Tuesday 24 February 2015

Capital II, Chapter 21 - Part 3

Marx then gives an explanation that even he describes as based on “absurd” assumptions, but whose purpose is to “do nothing more than explain the possibility of a universal simultaneous formation of a hoard” (p 495). He assumes that instead of exchanges taking place in the way they do, A-B, C-D, E-F, F-B, D-A, and so on, in other words numerous bilateral simultaneous exchanges, instead exchanges take place only in a linear fashion, with all other capitals exchanging only with a gold producer.

As a gold producer, i.e. producer of money, the gold producer always here only buys without selling. This is the converse of the situation above where the surplus value is hoarded in money because, in respect of the surplus value, the capitalist sells without buying. They sell the surplus product, and then hoard its money equivalent rather than buying anything with it.

Here, the gold producer produces money-gold and simply buys commodities with it.

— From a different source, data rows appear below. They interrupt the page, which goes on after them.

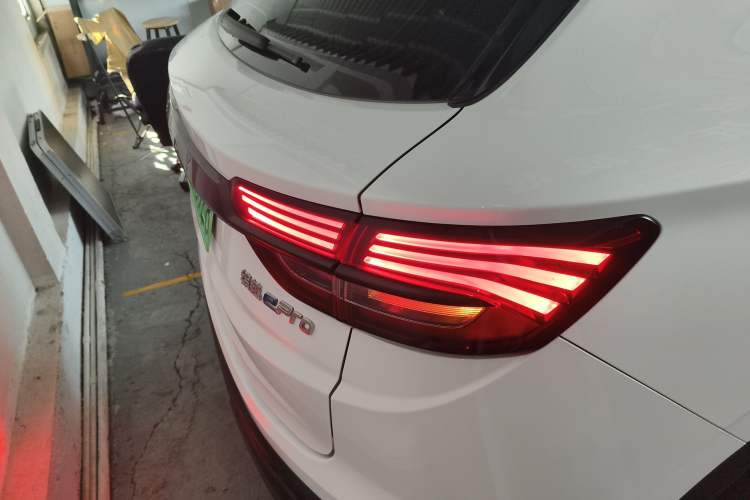 Used Geely Auto Coolray New Energy 2022 1.5T ePro 85KM Glory Edition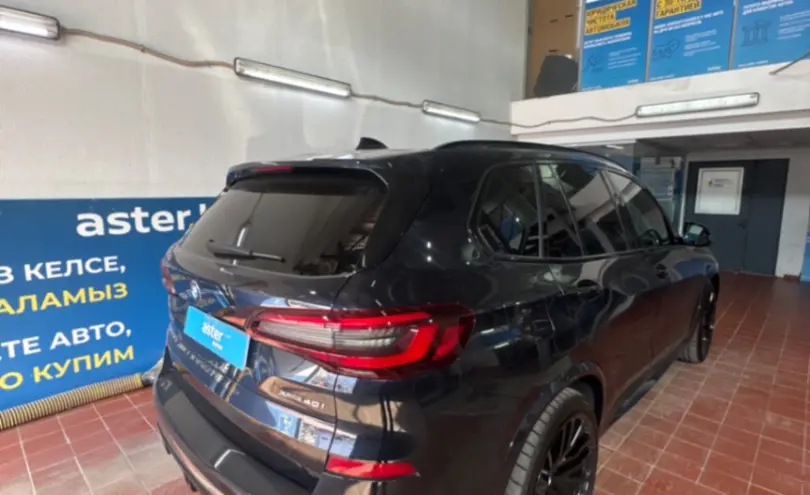BMW X5 2021 года за 29 000 000 тг. в Астана фото 5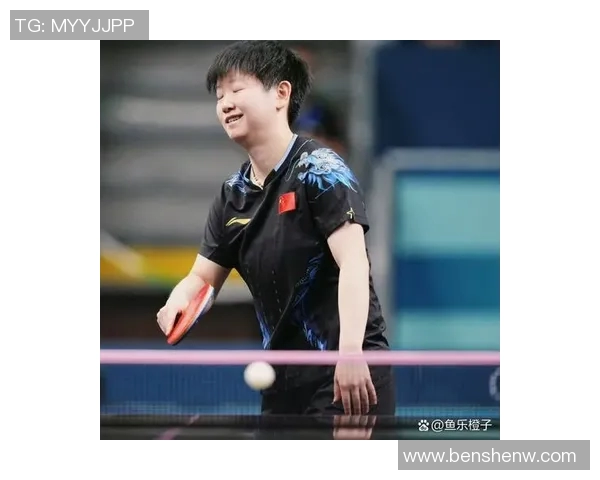 足球明星在赛场上忍俊不禁的搞笑瞬间引发全场欢笑与热烈掌声 足球明星在赛场上忍俊不禁的搞笑瞬间引发全场欢笑与热烈掌声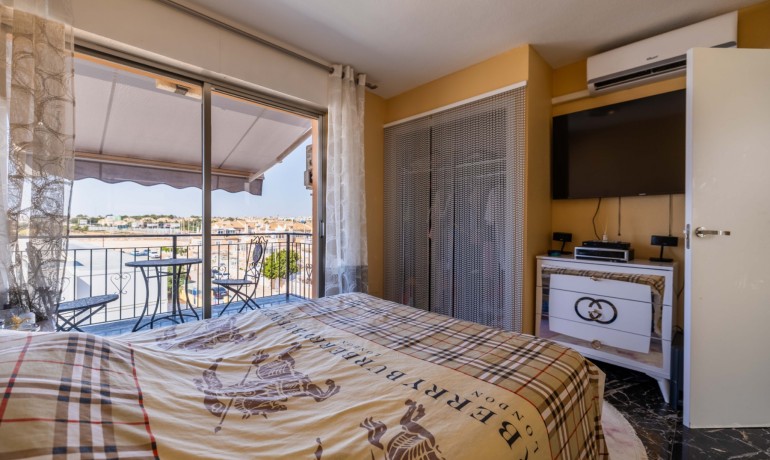 Sale - Apartment / Flat -
Torrevieja* - Mar azul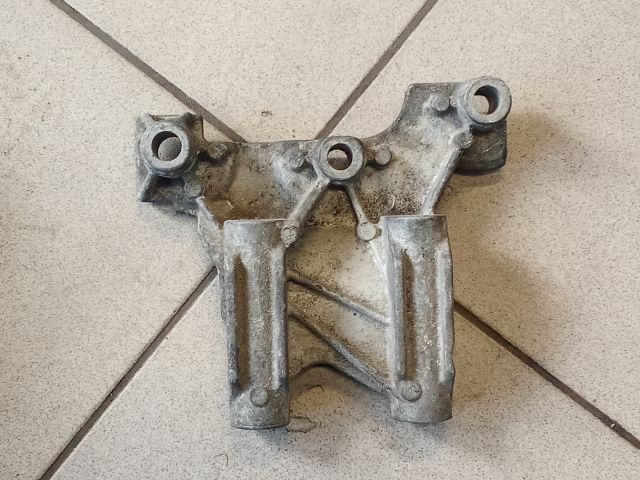 bontott VW TRANSPORTER Motor Tartó Bak (Pozíciófüggetlen)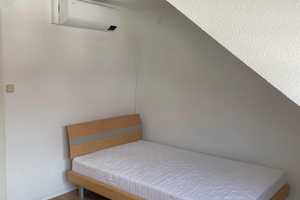 Neuwertige 2-Zimmer-Dachgeschosswohnung mit gehobener Innenausstattung, teilmöbliert – Ruschgraben xx, 76139 Karlsruhe – Vorschaubild 9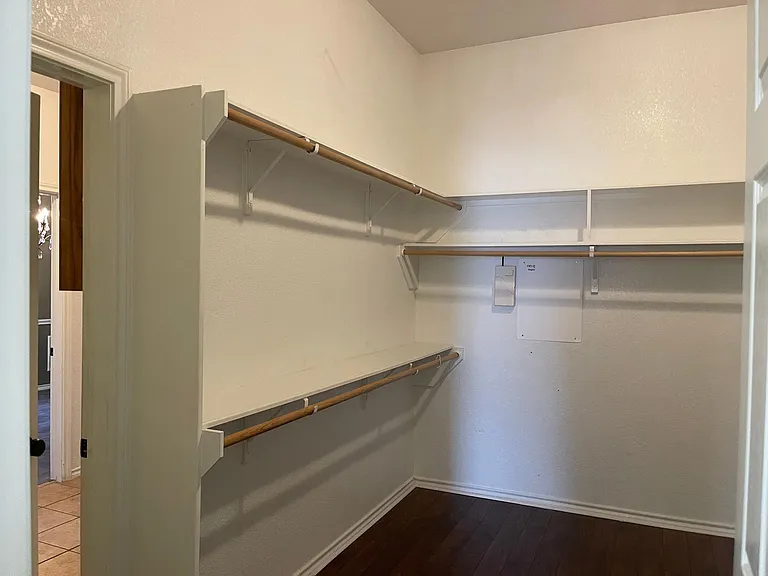 4322 Gleneagles Dr — Photo 5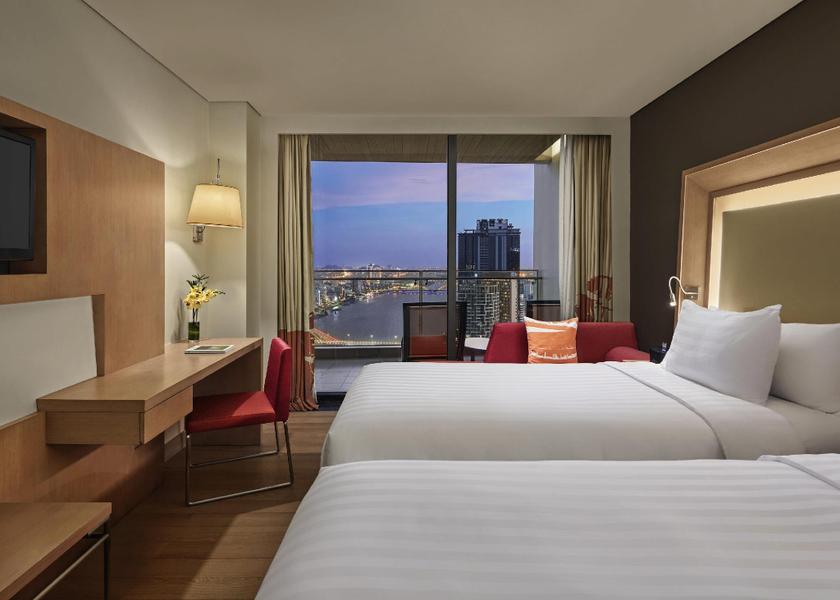 Thua Thien-Hue Da Nang Superior Room, balcony with Han river view - 2 single beds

“In that case the entire yearly social surplus-product (the bearer of the entire surplus-value) would pass into his hands, and all the other capitalists would distribute among themselves pro rata his surplus-product, which naturally exists in the form of money, the natural embodiment in gold of his surplus-value. For that portion of the product of the gold producer which has to make good his active capital is already tied up and disposed of. The surplus-value of the gold producer, created in the form of gold, would then be the sole fund from which all other capitalists would draw the material for the conversion of their annual surplus-product into money. The magnitude of its value would then have to be equal to the entire annual surplus-value of society, which must first assume the guise of a hoard.” (p 495)

To put this another way, we can think about the process we have analysed several times before. Under simple reproduction, the capitalists advance money-capital to buy labour-power. The workers so employed use the wages paid to them to buy commodities, and thereby the capitalists who have paid their wages, by advancing variable capital, see that capital return to them. By the same token, the capitalists advance capital to buy means of production, and that money goes into circulation, and finds its way back to them via the sale of the corresponding proportion of their output. Finally, the capitalists spend a part of their money hoard, to buy the commodities required for their own consumption, equal to their surplus value, and thereby they put into circulation themselves the money required to realise their own surplus value.

In this process, it was assumed that the commodities the capitalists bought – equal to their surplus value – with the money equivalent they threw into circulation, were the things they required for their own reproduction – food, shelter, clothing etc. But, we can just as easily assume that what they buy with this money-capital, equal to surplus value, is instead gold. In that case, as Marx describes, the whole of the societies surplus product would be held in the form of gold. But here, gold is also money, and so we have arrived at the position that demonstrates the logical possibility of such a universal money hoard, of capital selling its surplus product, and realising its value without the need also to buy an equivalent of that surplus product. The whole surplus product now exists solely as a money hoard, as gold, waiting to be mobilised.